The Grand Opening for the much anticipated Taylor Spring Park will take place on Wednesday at 11 a.m. at 285 First St., the site of the park.
The Taylor Spring Park is a joint effort between the City of Cleveland, Bradley County and private donors brought together through the efforts of the Community Foundation – to celebrate and preserve the history of Cleveland and Bradley County.
Taylor Spring is said to be the reason people settled in what is now Cleveland. Andrew Taylor (born about 1797) is regarded as the “first citizen” of Cleveland. Through his marriage to Jennie Bigby, a member of the Cherokee nation, Mr. Taylor obtained the right to claim any land that was not previously occupied within the boundaries of the territory. He chose to settle on 160 acres in what is now Bradley County at the intersection of two major trade routes. The choice of location was advantageous to Mr. Taylor not only for its commercial potential as a trading post, but also because of its proximity to several water sources, one of which is the spring that will be a centerpiece of the park.

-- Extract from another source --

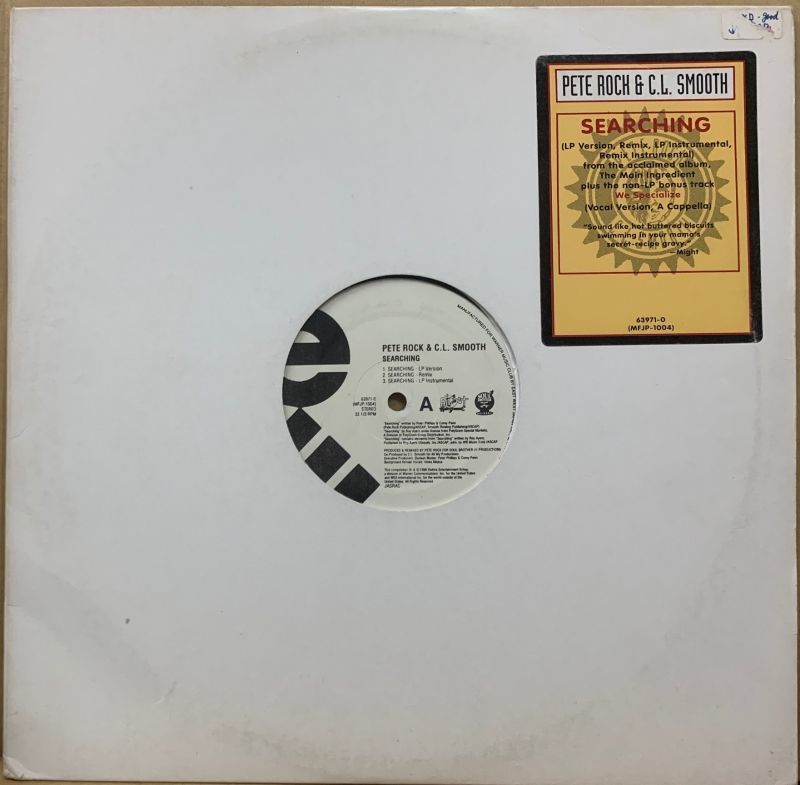 新品 レコード 未使用 Pete Rock \u0026 C.L. Smooth | www.agakiza.rw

According to local history, Andrew Taylor built a log cabin in 1835 near a spring. Legislative action in 1836 created Bradley County and also authorized the establishment of a county seat. That town was to be named “Cleveland” in honor of Col. Benjamin Cleveland. “Taylor’s Place,” which included Andrew Taylor’s home as well as the beautiful spring, was chosen as the location of the county seat because of the excellent water source available.
Later buildings were erected over the original spring, so that its existence faded to city folklore. The spring had been under a building on First Street that had served as a law office in one side and a dry cleaners in the other side. The late James Webb donated the law office side and the City of Cleveland purchased the dry cleaners side. The City demolished the building to uncover the spring.
To bring the importance of this historic site to the forefront, the Cleveland City Council created a committee of citizens with an interest in local history and downtown to develop a plan for a small park on the site. They include City Municipal Judge Richard Banks, City Historian Bob George, business and community leader Jeff Morelock, business leader and philanthropist Allan Jones and Public Works Director Tommy Myers.
The downtown park is marked by a stone and iron entrance and features a replica of the 12’x12’ round log spring house that would have been found at the site during Andrew Taylor’s occupation of the property. This Spring House is an exact replica built on information obtained from an 1836 property assessment discovered by researcher Debbie Moore during work on the book “The 1836 Cherokee Nation Property Evaluations.” The restoration of the underground spring showcases the crystal clear spring water and a retaining wall provides architectural interest as well as structural enhancement. Landscaping and greenspace provide a beautiful setting for visitors to enjoy.
Through the Community Foundation public dollars from the City of Cleveland and from Bradley County and private dollars from local donors came together to celebrate and preserve this historical legacy for the community. A large granite medallion is embedded in the sidewalk at the entrance to the park to permanently recognize major donors along with engraved benches, tree markers and engraved bricks to recognize other donors who helped to provide funding for the park. The Bradley County Master Gardeners have created a garden to promote and educate the community on pollinator protection.
The Spring House was donated by Janie & Allan Jones and their children: Courtney Jones Pendergrass, Abby Jones, Will Jones, Bailey Jones and Granddaughter Gincy Pendergrass.
The Daughters of the American Revolution provided a matching grant to assist with the signage for the historical park with the wording compiled by Cleveland Historian Bob George. The basis of that history came from the book “Andrew Taylor: Man of Mystery" written by genealogist, researcher and author, Michael Slaughter.
The City of Cleveland staff lead by City Manager Joe Fivas and including Public Works Director Tommy Myers, City Engineer Brian Beck and Forestry Director Dan Hartman did an "incredible job designing and developing the beautiful park," officials said.